To summarize: I tried to Ansel Adams my ass off with this one. Gosh!

The HDR image was created by Photomatix by HDRSoft. It’s the go-to app for people who think a High Dynamic Range photo should look like a photograph and not like a frame from a computer-generated short circa 1998.

Generating this image was a needlessly long and complicated process. Oh, the app is easy as pie. It was only complicated because I hadn’t really used the app in ages. I downloaded a fresh copy from HDRSoft and looked in my Mail archive for the license code, but I couldn’t find it. I used their website’s automated thingy to have it re-sent to me, but they didn’t have the code on file and it was a holiday weekend.

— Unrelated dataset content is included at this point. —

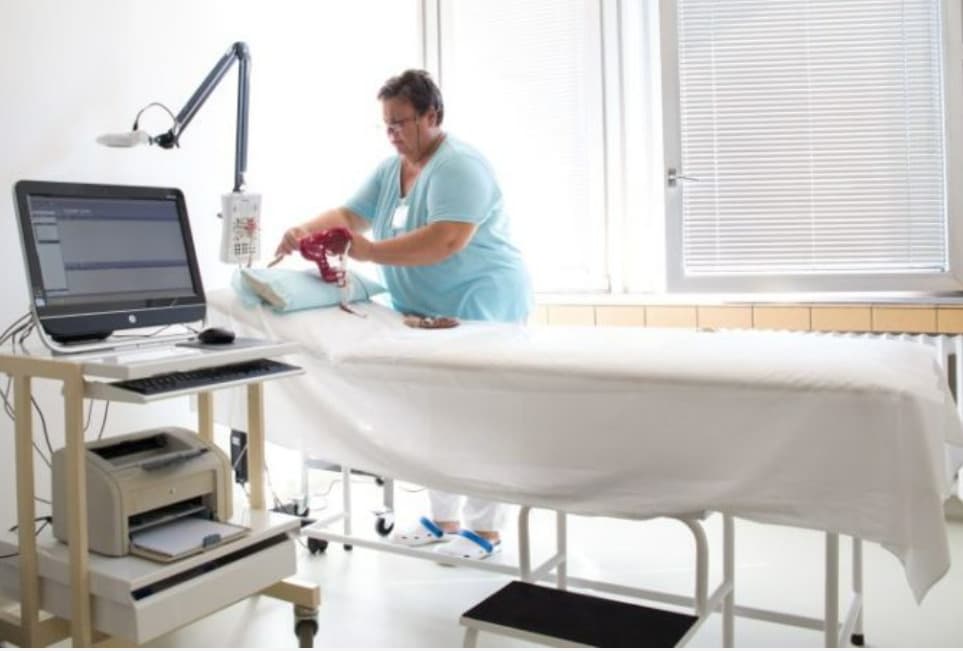 Ambulancie by mali zaviesť nové modely organizácie práce. Jeden lekár a jedna sestra je neudržateľný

So I had to dig through my closet for Lilith 9, my 2008-edition MacBook Pro. After thirty minutes of charging, I booted it up for the first time in a year and a half. I remembered my admin password after seven failed tries and I had to remember how things work in MacOS 10.6. But then it was like I was entering the tomb of The 2009-2011 Version Of Andy Ihnatko. Here, arrayed in the undisturbed air almost as though he had just departed moments ago, were all of the tools and amusements and artifacts that he surrounded himself with in life. For what purpose were they buried with him? History may never know.

Anyway, yes, Photomatix was installed and licensed on this machine. More good news: I could upgrade to the 2012 edition and still use the old app’s registration credentials. I copied over the source images and soon had the merged HDR image that I’d come for.

If I’d acquired Photomatix from the App Store two years ago, I’d have had it up and running on Lilith X after just five minutes of clicking…no registration code required. Every time I encounter into a situation like this, I love, love, love, freaking love the Mac App Store. I want to put five dollars in an envelope and send it to Apple, in the hopes that it might land in the hands of someone who was responsible for making the App Store happen.

The Store is still a source of some worry. Apple is the sole authority on what apps can and can’t run on an iPhone, iPod, or iPad. That rankles, given that an iPad costs as much as a Windows 7 notebook. Shouldn’t I have the right to do whatever the hell I want with a computer I paid $400 to $875 for? The situation is different on MacOS but developers still feel enormous pressure to kowtow to Apple’s rules and seek their approval. The App Store’s where all the money is.

So noted be. But damn, yes, the Store makes life so much easier for every user.

Which is why we sigh and we move on, instead of driving to Cupertino with a trunk full of V for Vendetta masks and a collection of signs that we hope will be amusing enough for people to reshare on their Tumblrs.

11 thoughts on “The Mac App Store: Falling In Love Again

  1. Tom Hood

    No freakin’ license codes is terrific, but the licensing agreement is even better:
    If there’s a tool I need, I go and buy it from the Mac App Store, AND it’s immediately available for me to use on my other Macs. My work environment follows me, no matter which computer I’m using.
    I understand the rules of the house, and don’t have a problem buying direct from the software creators for funkier stuff that doesn’t meet Apple’s approval.

  2. Laura

    If keeping what I can buy and how I buy it under tight control results in the experience I have had since 1982 then GO FOR IT APPLE! Might I also add a heartfelt thank you for such maniacal control of my computing universe. Each time I look at a different kind of machine I breathe a large sigh of relief.

  3. Steve

    What happens when a vendor goes out of favor with Apple?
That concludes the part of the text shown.